C’est dans ces conditions que la requérante décide, conformément à son objet social de soumettre au contrôle de légalité du Conseil d’Etat trois décrets imposant une condition illégale de durée au pacte civil de solidarité : le décret n° 2007-640 du 30 avril 2007, le décret n° 2007-889 du 15 mai 2007 modifiant le décret n°77-1448, le décret n° 2007-888 du 15 mai 2007 modifiant le décret n°73-934 (pièces n°33, 34 et 35 ).
Après les échanges de mémoires, l’Adefdromil a été convoquée à une première audience le 3 septembre 2008.
A l’issue de cette audience, l’Adefdromil a envoyé une note en délibéré (pièce n°40) et a demandé en vain à recevoir communication des conclusions prononcées par le commissaire du gouvernement Boulouis.
Finalement, une nouvelle audience devant la section du contentieux a été fixée au 28 novembre 2008. La requérante a adressé une nouvelle note en délibéré (pièce n°40) et a obtenu a posteriori les nouvelles conclusions prononcées à cette audience (pièce n°39).
Les arrêts ont été rendus à la date du 11 décembre 2008 et notifiés à la requérante le 19 janvier 2009 (pièce n°41).
Il convient de noter que les trois arrêts du 11 décembre 2008 (pièce n°41), comme les décisions du 4 mars 2009 (pièce n°45) ne visent pas la loi de 1901 sur les associations, ce qui démontre la volonté délibérée du Conseil d’Etat d’ignorer cette loi garantissant la liberté d’association et le droit d’ester en justice pour la réalisation de son objet social. Cette omission lui permet de s’affranchir du principe supérieur fixé par la décision du Conseil constitutionnel de 1971 (pièce n°36).
Après avoir écarté le contrôle de constitutionnalité interne ouvert depuis une réforme de juillet 2008, faute d’adoption d’une loi organique et après avoir rejeté l’argument de l’incompatibilité de l’article L 4121-4 du code de la défense avec l’article 11 de la convention (CEDH), le motif retenu pour débouter la requérante (repris dans les cinq décisions) est le suivant :
« Sur la recevabilité de la requête :
Considérant qu’il ressort des pièces du dossier que l’association requérante, qui regroupe des militaires et qui a notamment pour objet d’assurer la défense de leurs intérêts professionnels, contrevient aux prescriptions de l’article L. 4121-4 du code de la défense ; qu’il en résulte que cette association n’est pas recevable à demander l’annulation des dispositions…;
Considérant qu’il résulte de ce qui précède que la requête de l’ASSOCIATION DE DEFENSE DES DROITS DES MILITAIRES doit être rejetée ; »

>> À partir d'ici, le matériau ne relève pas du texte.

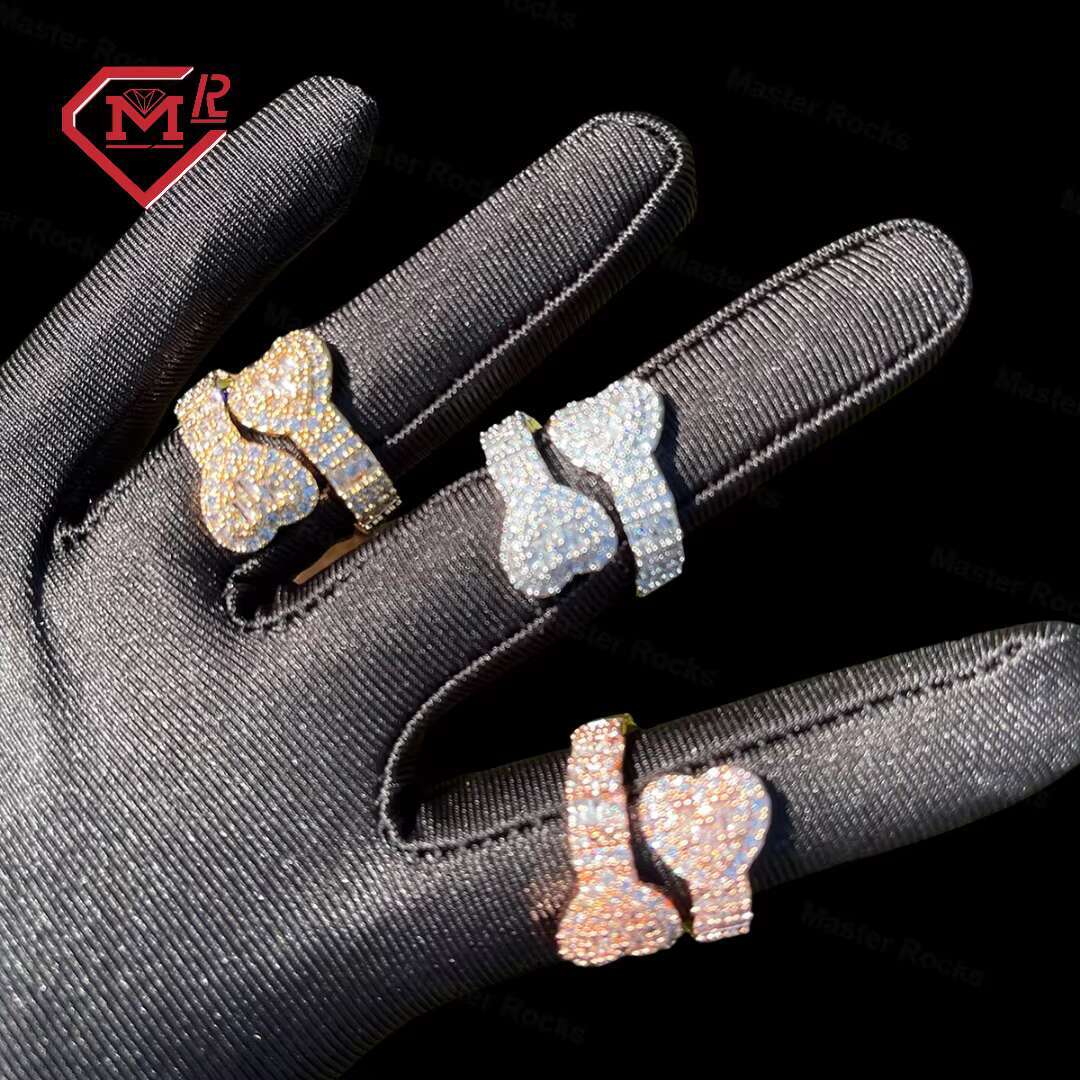 Adjustable Open Iced Out Bling Baguette Double Heart Ring With Gra Certificate S925 Silver Moissanite Ring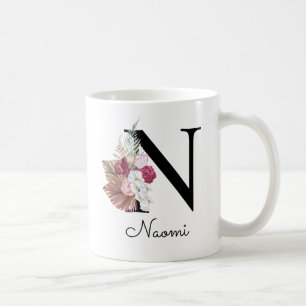 Geborduurd Roze Boho Meisjesachtig Bloemend Initia Koffiemok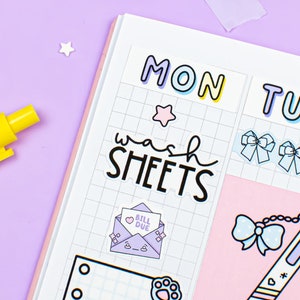 Feuilles de lavage PRINTABLE Script Planner Stickers, Journée de blanchisserie, Autocollants de corvées, Changer la literie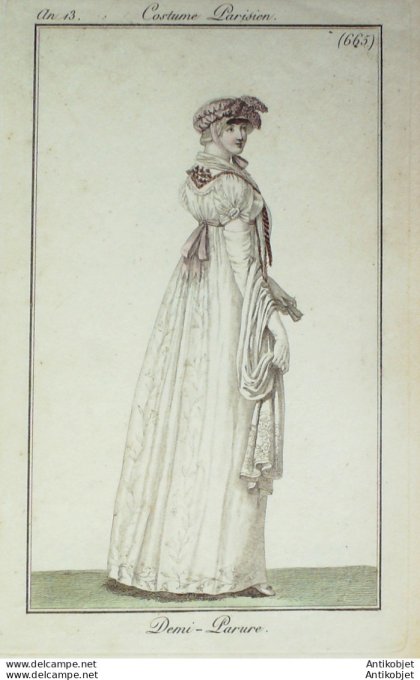 Gravure de mode Costume Parisien 1805 n° 665 (An 13) Demi parure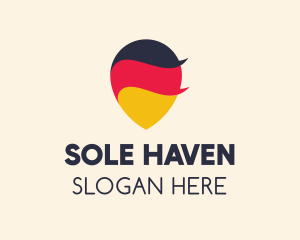 German Flag Location Pin logo design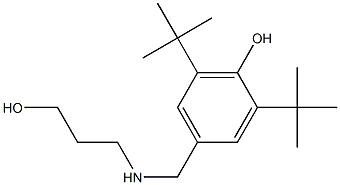 2,6-di-tert-butyl-4-{[(3-hydroxypropyl)amino]methyl}phenol Struktur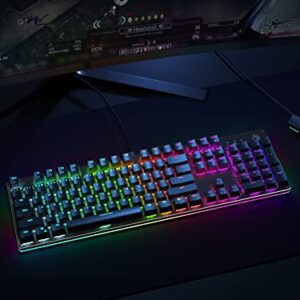 BLOOTH Mechanical Gaming Keyboard RGB Backlit 104 Keys, Red Switches Customizable Key with 12 LED RGB Color Modes, 7 Levels Brightness and Speed Adjustment, USB Wired for PC Gamers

Les arrêts du 4 mars 2009 résultent de l’introduction de deux autres recours pour excès de pouvoir contre, d’une part l’arrêté du 14 février 2008, nommant un nouveau contrôleur général à la présidence de la commission de recours des militaires, et d’autre part le décret n°2008-956 relatif aux militaires servant à titre étranger (pièces n°43 et 44).
Bien que la requérante ait produit avant l’audience du 28 janvier 2009 un mémoire complémentaire soulignant la jurisprudence de votre cour en date du 15 janvier 2009 (pièces n°43 et 44), qui dispose que « les restrictions à la capacité d’ester en justice doivent être strictement limitées », ses recours ont été rejetés sur la base des mêmes arguments (pièce n°45), le commissaire du gouvernement estimant dans ses conclusions (pièce n°67) que votre arrêt du 15 janvier précité « n’a que peu à voir avec la question posée, puisqu’il condamne simplement une obligation procédurale pesant sur les associations étrangères ».